Key recommendations of the guideline update follow:

• The use of the MammaPrint assay can be considered to inform decisions on adjuvant systemic chemotherapy in women with estrogen receptor–positive or progesterone receptor–positive, HER2-negative, node-negative breast cancer who are at a high clinical risk of recurrence per MINDACT categorization (details provided in Data Supplement published with this guideline).
• MammaPrint can also be considered in women with estrogen receptor–positive or progesterone receptor–positive, HER2-negative breast cancer with one to three positive lymph nodes who are at a high clinical risk of recurrence.
• Women meeting either of these criteria whose MammaPrint score is low may be treated with hormone therapy alone, as it is unlikely that chemotherapy will provide substantial additional benefits.
• MammaPrint should not be used in women who have a low clinical risk for recurrence per -MINDACT categorization.
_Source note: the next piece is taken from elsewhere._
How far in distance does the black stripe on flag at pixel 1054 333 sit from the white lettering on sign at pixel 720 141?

ASCO encourages feedback on its guidelines from oncologists, practitioners and, patients through the ASCO Guidelines Wiki at ASCO.org/guidelineswiki. ■

DISCLOSURE: For full disclosures of the guideline authors visit jco.ascopubs.org.

References:

1. Krop I, Ismaila N, Andre F, et al: Use of biomarkers to guide decisions on adjuvant systemic therapy for women with early-stage invasive breast cancer: American Society of Clinical Oncology clinical practice guideline focused update. J Clin Oncol. July 10, 2017 (early release online).

2. Cardoso F, van’t Veer LJ, Bogaerts J, et al: 70-gene signature as an aid to treatment decisions in early-stage breast cancer. N Engl J Med 375 717-729, 2016.